Open stevendaprano opened 11 years ago
As per the discussion here:
http://mail.python.org/pipermail/python-ideas/2013-July/022419.html
\N{} escapes should support the Unicode code point notation U+xxxx (where there are four, five or six hex digits after the U+).
E.g. '\N{U+03BB}' => 'λ'
unicodedata.lookup should also support such numeric names, e.g.:
unicodedata.lookup('U+03BB') => 'λ'
As '+' is otherwise prohibited in Unicode character names, there should never be ambiguity between 'U+xxxx' as a code point and an actual name, and a single lookup function can handle both.
(See http://www.unicode.org/versions/Unicode6.2.0/ch04.pdf#G39 for details on characters allowed in names.)
Also add a function for the reverse
unicodedata.codepoint('λ') => 'U+03BB'
def codepoint(c):
return 'U+{:04X}'.format(ord(c))
I've attached a patch for this.
I agree with the proposal.
Some of the code seems redundant with code we already have.

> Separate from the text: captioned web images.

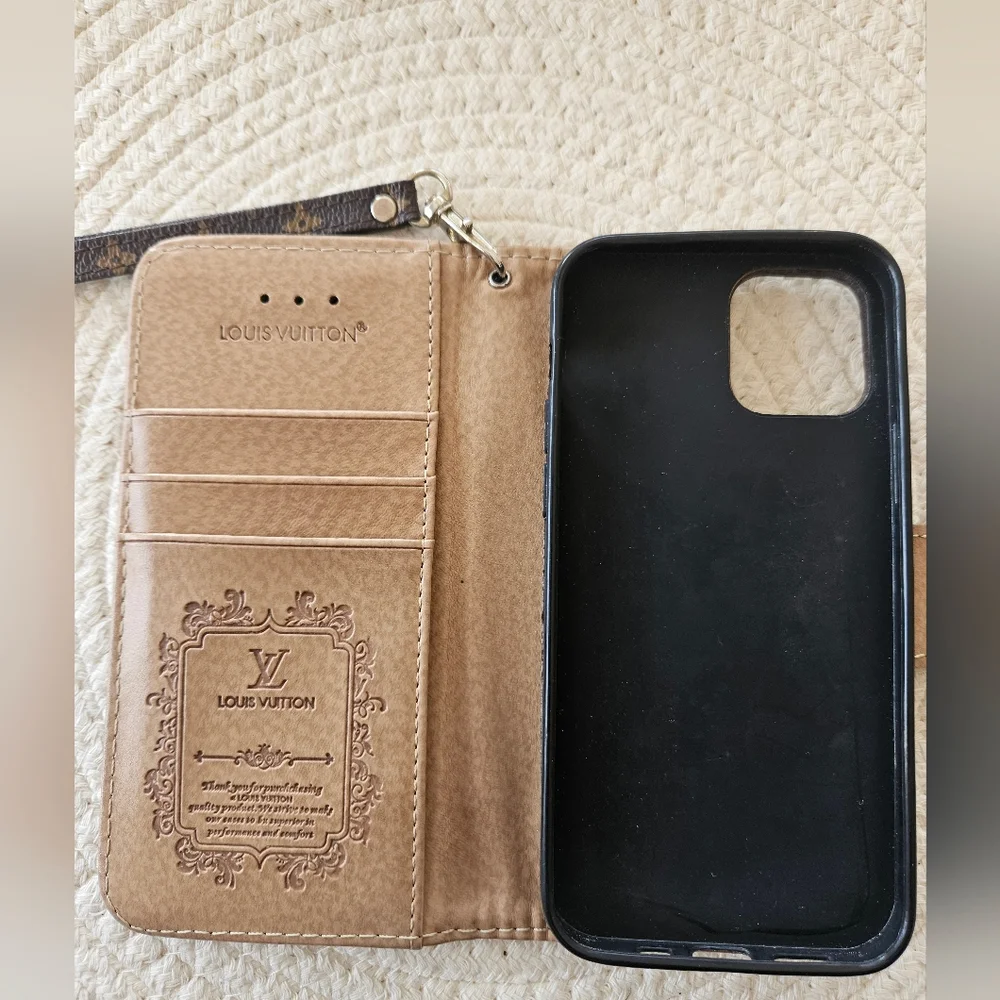 Louis Vuitton Monogram Brown & Gold Logo Wristlet Phone Folio
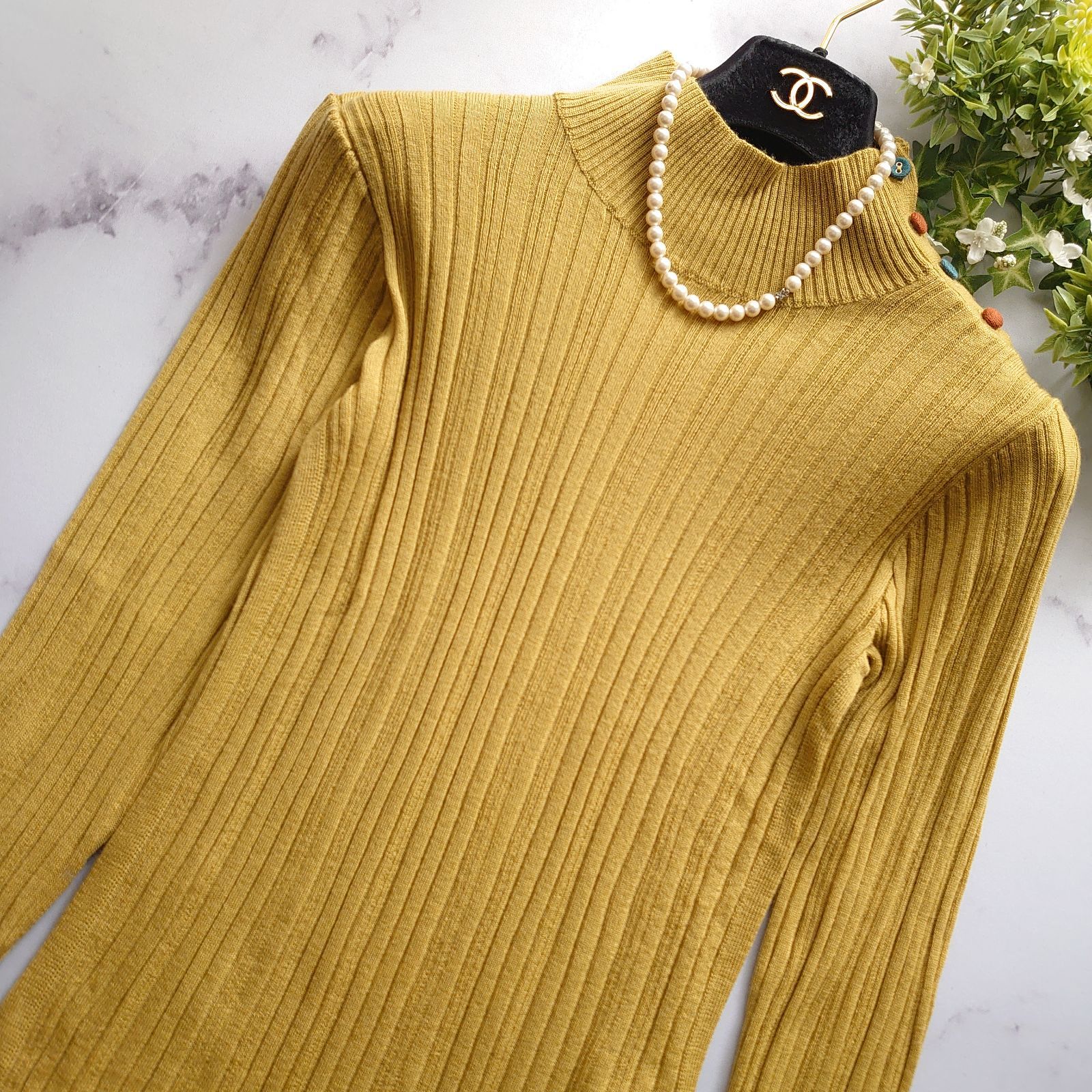 24AW ホコモモラ リブニット セーター ウール ハイネック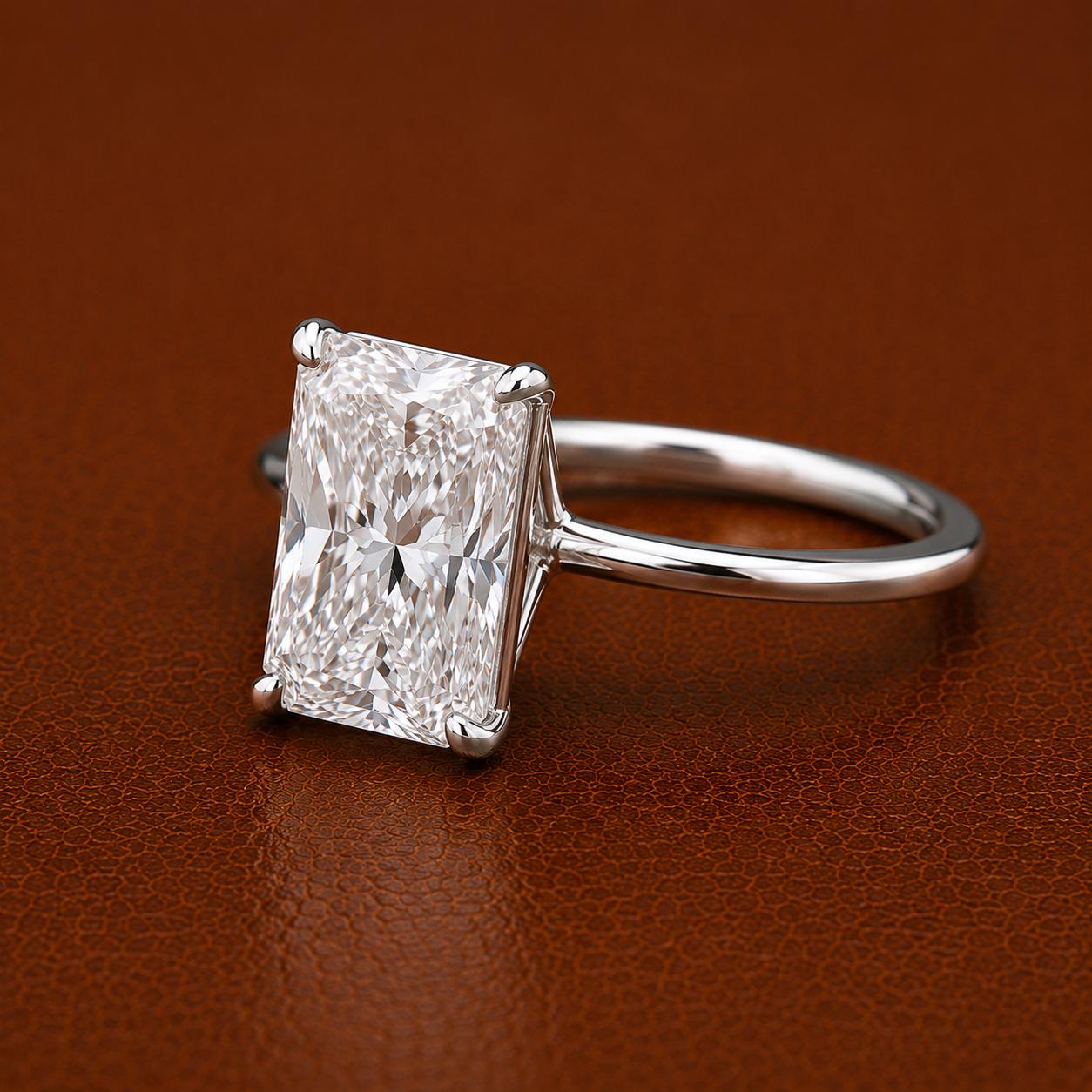 3CT Radiant Cut Lab Grown Diamond Engagement Ring | 14K Solid Gold Solitaire | IGI Certified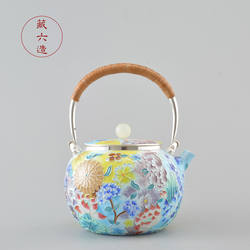 藏六造七宝烧圆融银壶纯银999纯手工烧水壶煮茶泡茶壶日本银壶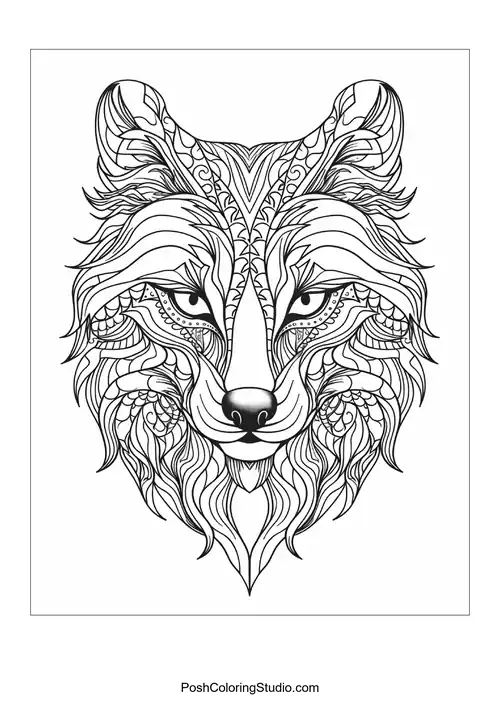 A wolf's face featuring detailed geometric designs and textures.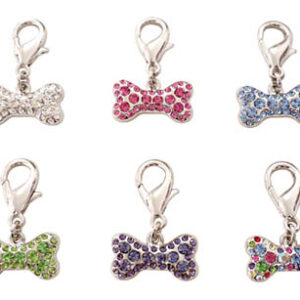 Crystal Bone Dog Collar D-Ring Charm Multicolor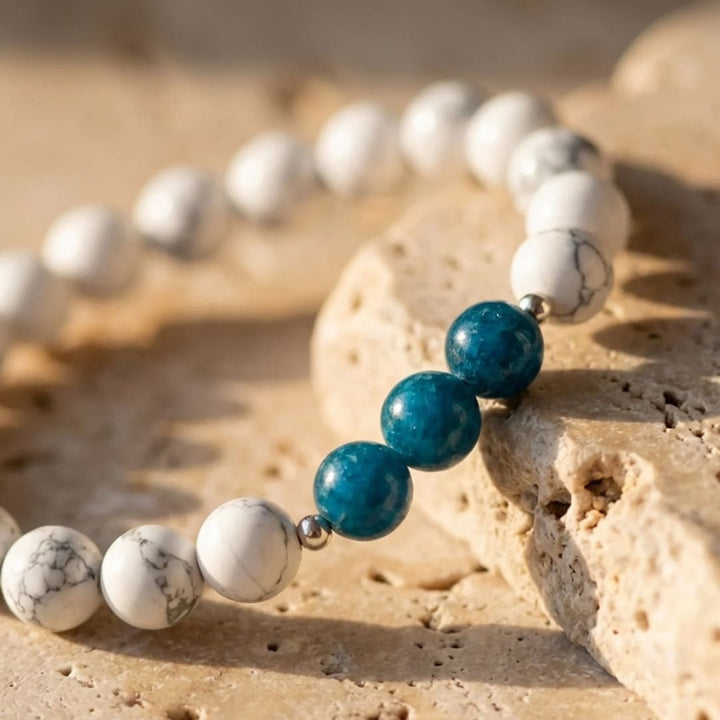 "Motivation" Bracelet in Apatite & Howlite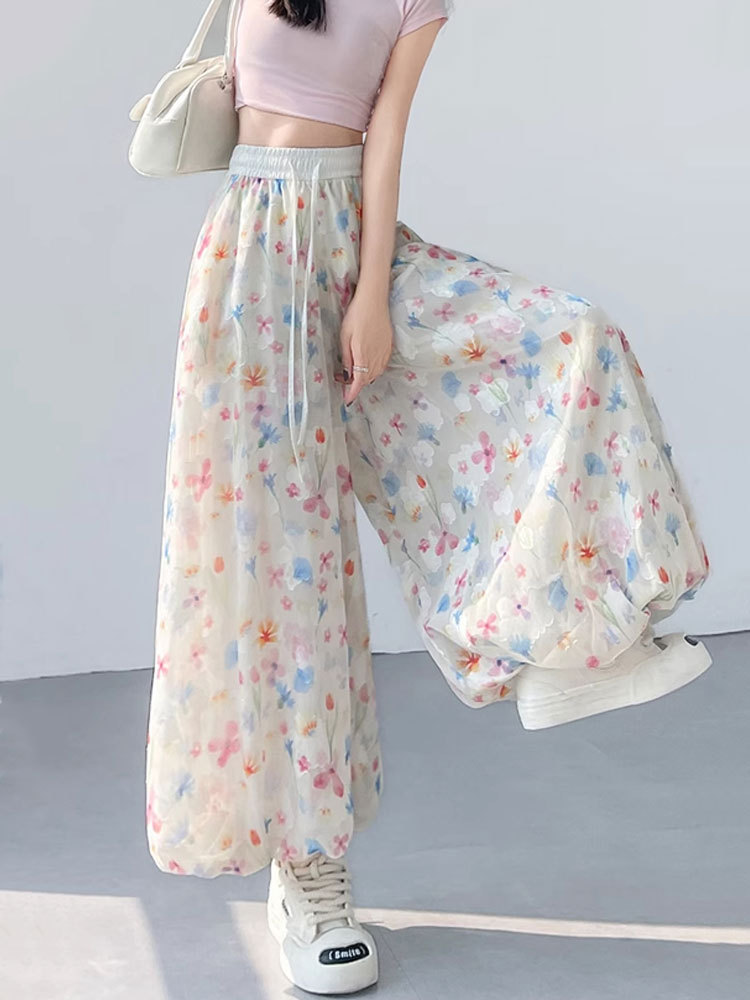 Picture of Colorful flower bud culottes and pants, women's summer thin 2025 new high-waisted drape skirt, ice silk floral lantern pants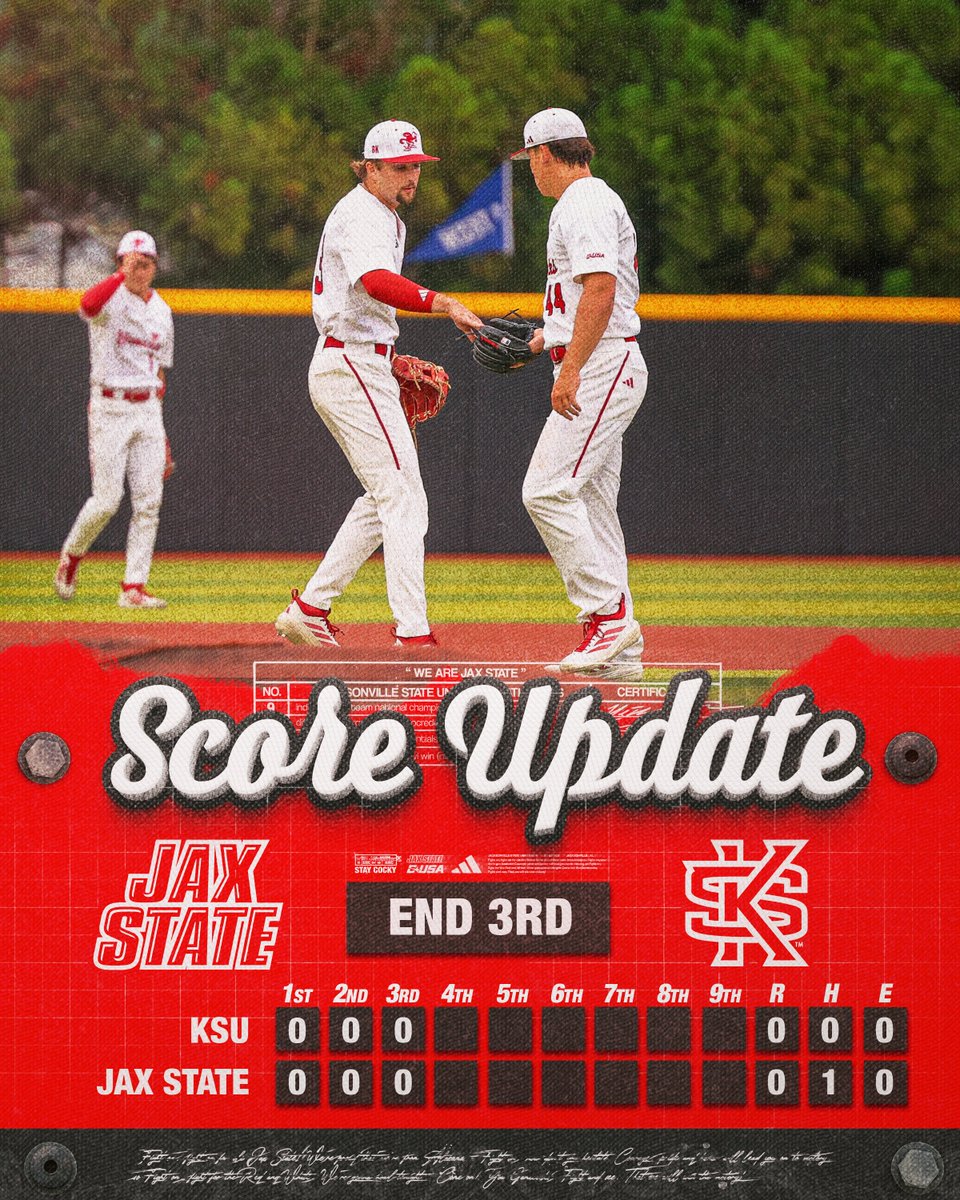 JaxStateBB's tweet photo. Pitching duel through three! ⚔️

#StayCocky🐔 | #FearTheBeak👌 https://t.co/bHRydUNtsD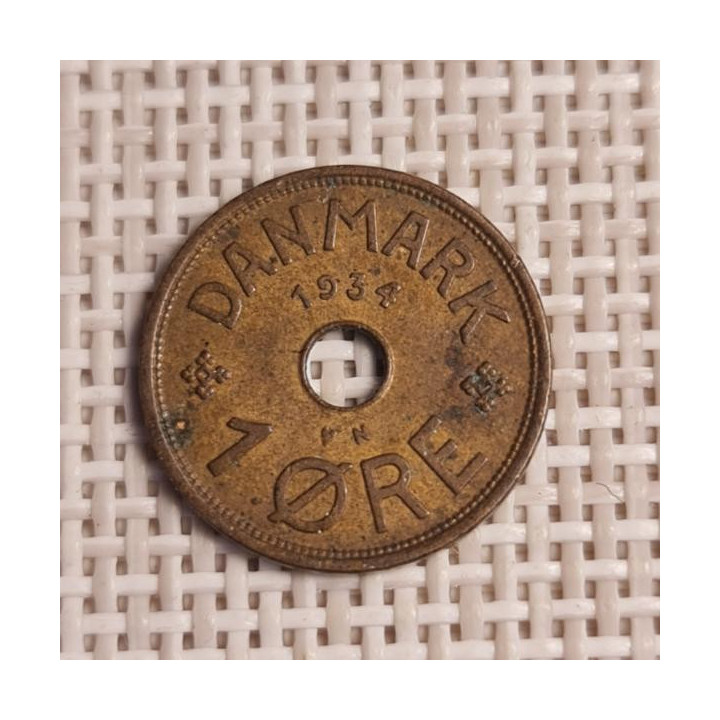 Denmark 1 Øre 1934 KM-826 VF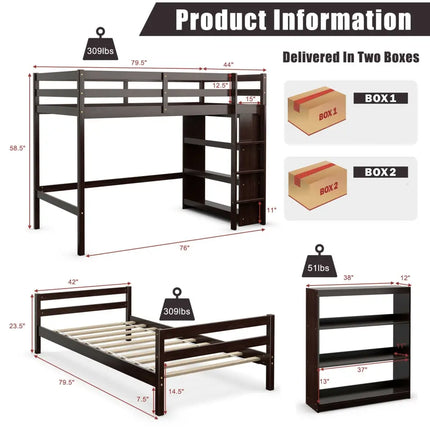 Twin Over Twin Loft Bunk Bed with Bookcase-Espresso - Dark Brown - Bunk Bed Frame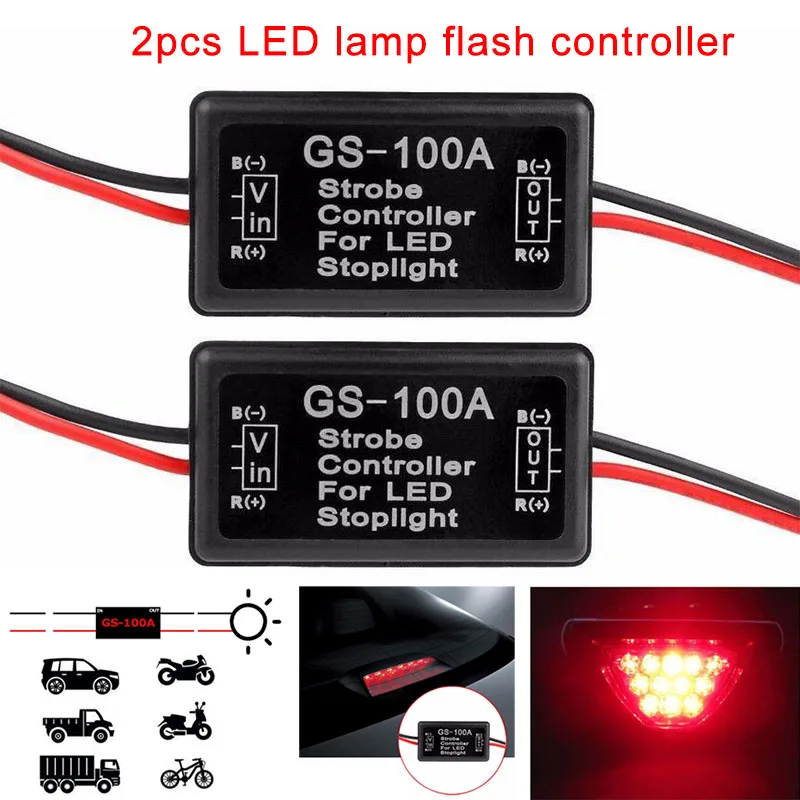 

2 Pcs/Set Car Flash Strobe Controller Flasher Module for Smart LED Brake Light Tail Stop Lights CSL2017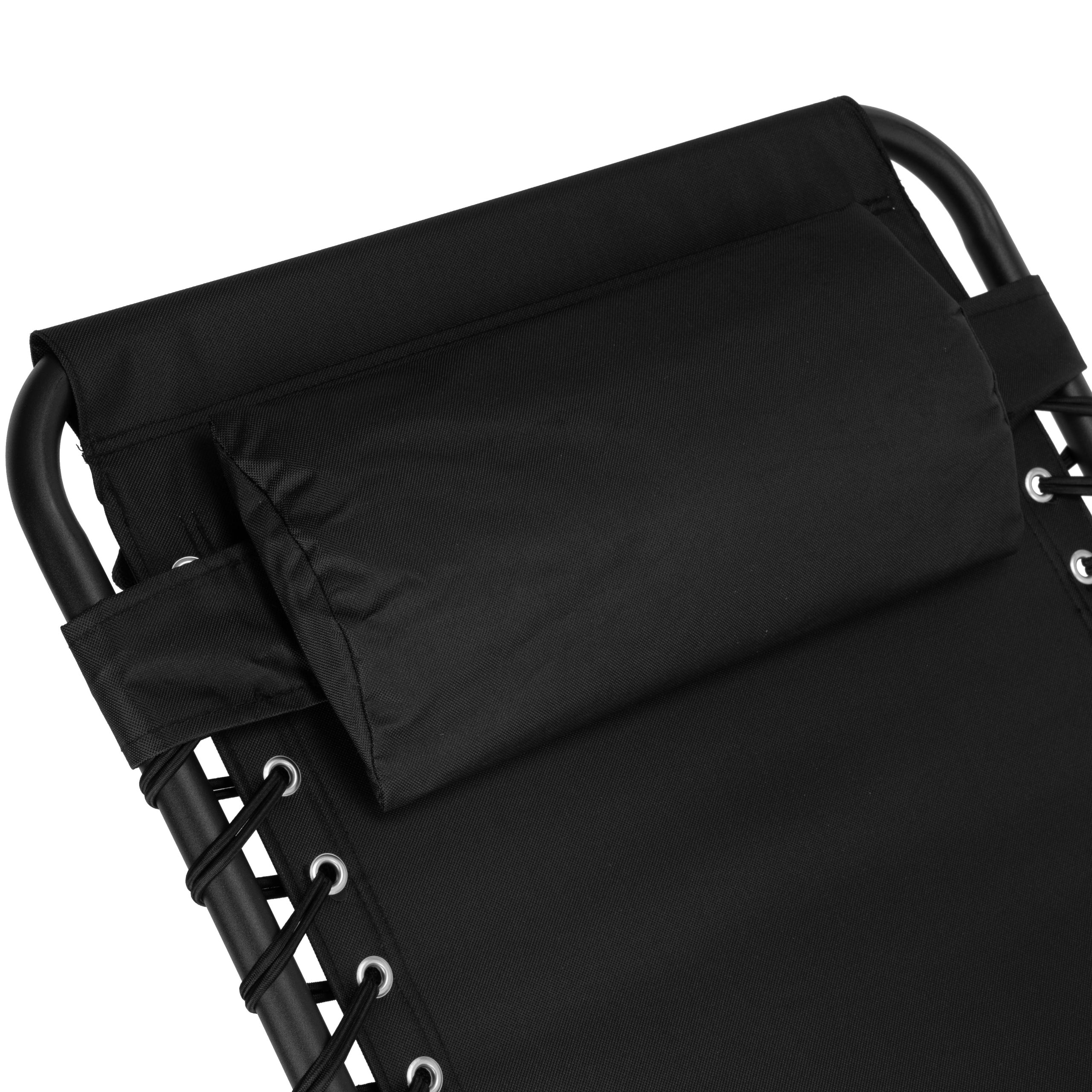 SUN LOUNGER GARDEN CHAIR FOLDING BLACK WITH TERRACE ADJUSTMENT BALCONY BEACH Frame material metal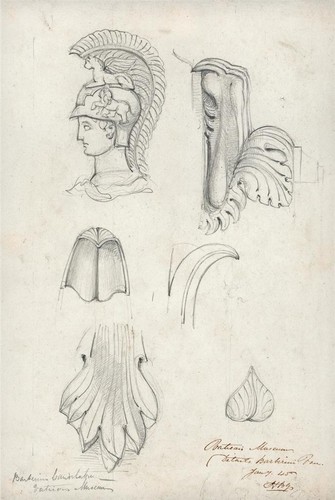 H. B. Garling - Pencil Drawing - Architectural Study Vatican Museum Italy 1845
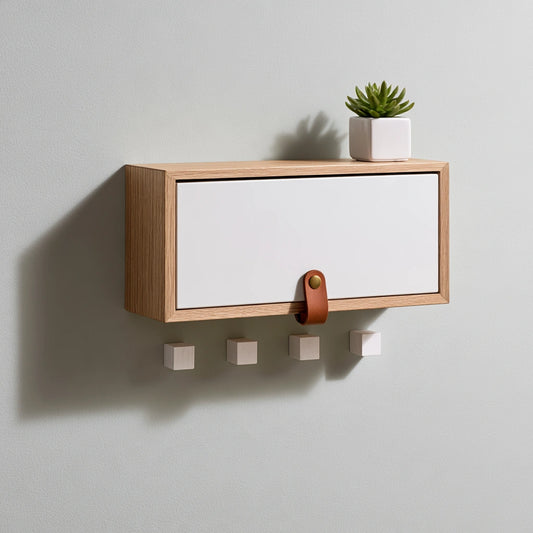 Étagère murale en bois finition chêne, coloris blanc et brun clair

In Python, I would write
def codepoint_from_U_notation(name, namelen):
if not (4 <= namelen <= 6): raise <wrong length>
return chr(int(name, 16))
maybe with try-except to re-write error messages like ValueError: invalid literal for int() with base 16: '99x3' ValueError: chr() arg not in range(0x110000)
My point is that we already have code to convert hex strings to int; I presume PyUnicode_FromOrdinal(code) is the C version of 'chr' that already checks the max value.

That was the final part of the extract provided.